Cloud | Frankfurt am Main-1 | Networking - Public Network, Cloud | Frankfurt am Main-1 | Networking - BGP, Cloud | Frankfurt am Main-1 | Managed Kubernetes incident details
Incident Report for Gcore
Postmortem

Summary:
On November 20, 2024, from 11:10 CET to 12:10 CET, a new node addition to the storage network resulted in a network loop. This loop caused the storage backend to become partially unavailable, impacting operations and overall system performance.

Timeline:
• 11:10 CET: Initial network disturbance noticed, as latency started rising slightly.
• 11:11 - 11:13 CET: Latency spike observed for both read and write operations, reaching up to approximately 8ms.
• 11:12 CET: Engineer received a critical alert
• 11:12-11:20 CET: Node addition triggered a network loop, causing a broadcast storm, leading to degraded network conditions and making the storage backend partially unavailable.
• 11:21 CET: Node was identified as the cause, and its network connection was disabled.
• 11:25 CET: Storage services were restored, and latency returned to nominal levels.
• 11:25-12:10 CET: All customer services were checked and confirmed to be working as expected

Root Cause:
After changing network cards and not removing old configurations, it caused a network loop. The server's network ports do not generate or forward BPDU (Bridge Protocol Data Unit) packets effectively, resulting in the network failing to detect the loop through Spanning Tree Protocol (STP). This caused unknown-unicast storms due to the loop not being detected.

Action Plan:
1. Immediate Actions: The problematic node was disconnected from the network, the configuration was changed properly, and the node was moved to production.
2. Diagnostic Actions: Inspect the STP settings at both the server level and network level to verify alignment with best practices. 3. Preventive Measures:

  • Configure port security, storm control, and enhanced STP settings to ensure any potential misconfigurations are mitigated.
  • Perform an additional check of older and new network configurations for nodes to ensure consistency and prevent similar issues.
Posted Dec 03, 2024 - 09:52 UTC

Resolved
We'd like to inform you that the issue has been resolved, and we are closely monitoring the performance to ensure there are no further disruptions. We will provide a Root Cause Analysis (RCA) report in the coming days to help you understand what caused the incident and the steps we have taken to prevent it from happening again in the future.

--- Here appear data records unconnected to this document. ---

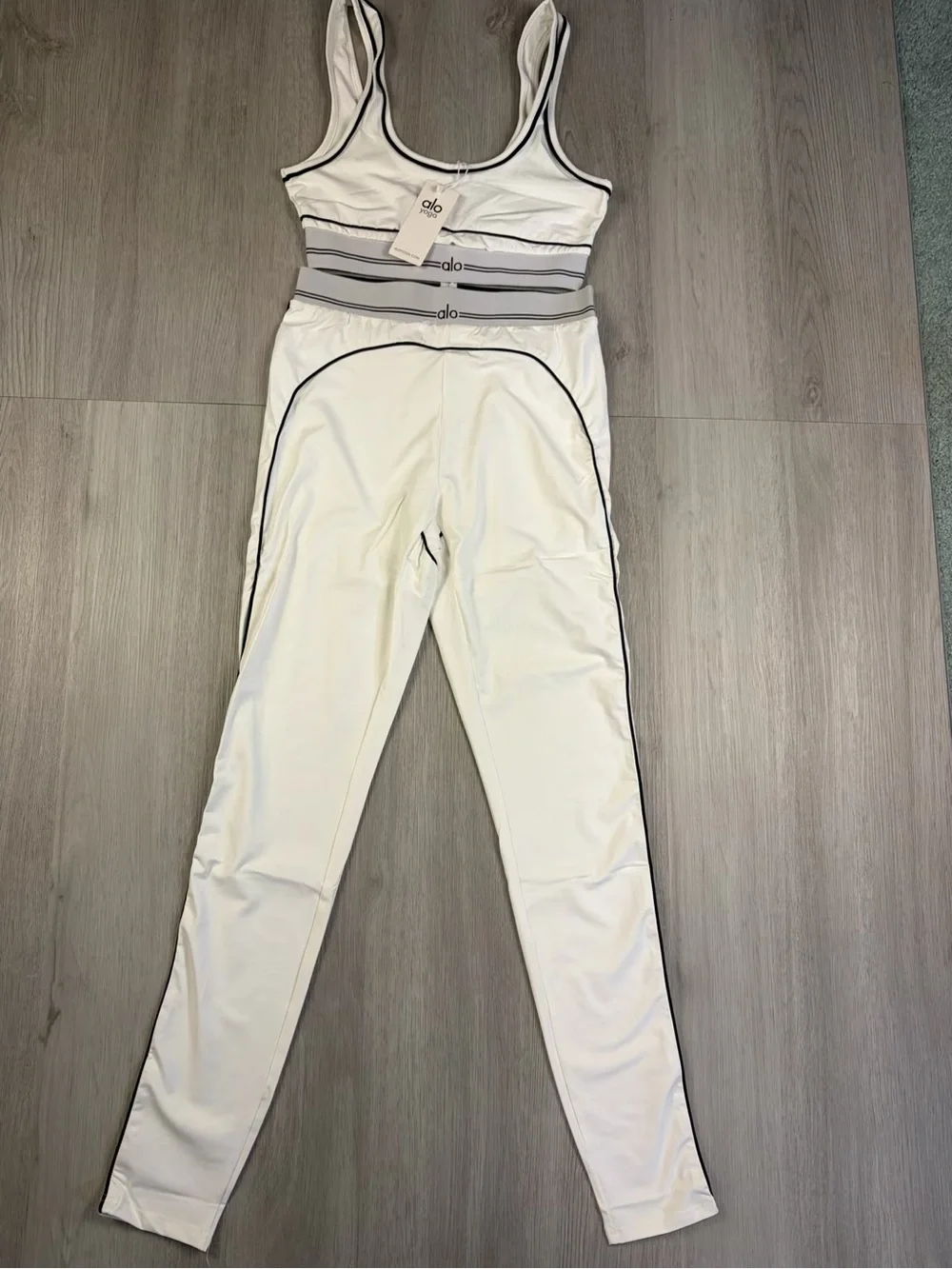 ALO Yoga White Sports Bra with Black Piping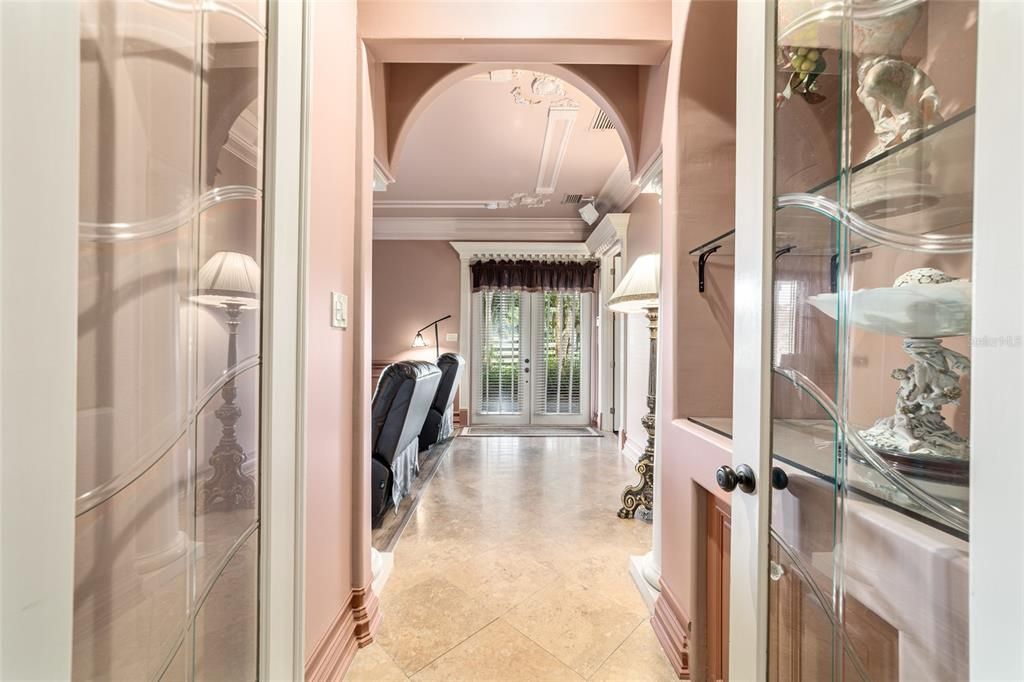 En Venta: $2,790,000 (3 camas, 2 baños, 2000 Pies cuadrados)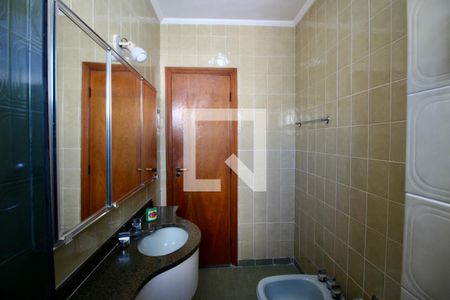Apartamento para alugar com 220m², 4 quartos e 2 vagas Apartamento para alugar com 220m², 4 quartos e 2 vagasBanheiro Suíte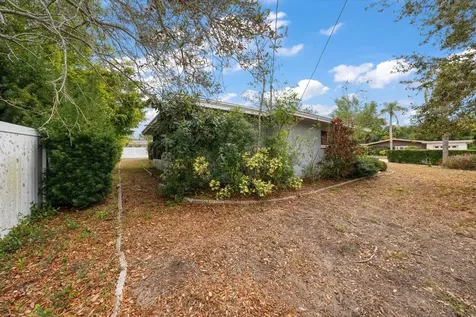 230 Garden Circle Belleair FL 33756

We apologize for any inconvenience this may have caused you, and want to thank you for your patience and understanding throughout this process.
Posted Nov 20, 2024 - 13:27 UTC
Monitoring
We are pleased to inform you that our engineering team has implemented a fix to resolve network issues to resources. However, we are still closely monitoring the situation to ensure stable performance. 

We will provide you with an update as soon as we have confirmed that the issue has been completely resolved.
Posted Nov 20, 2024 - 10:33 UTC
Investigating
We are currently experiencing a partial outage in our service's performance, which may result in partial unavailability for users. We apologize for any inconvenience this may cause and appreciate your patience and understanding during this time.

We will provide you with an update as soon as we have more information on the progress of the resolution. Thank you for your understanding and cooperation.
Posted Nov 20, 2024 - 10:20 UTC
This incident affected: Cloud | Frankfurt am Main-1 (Networking - Public Network, Networking - BGP, Managed Kubernetes).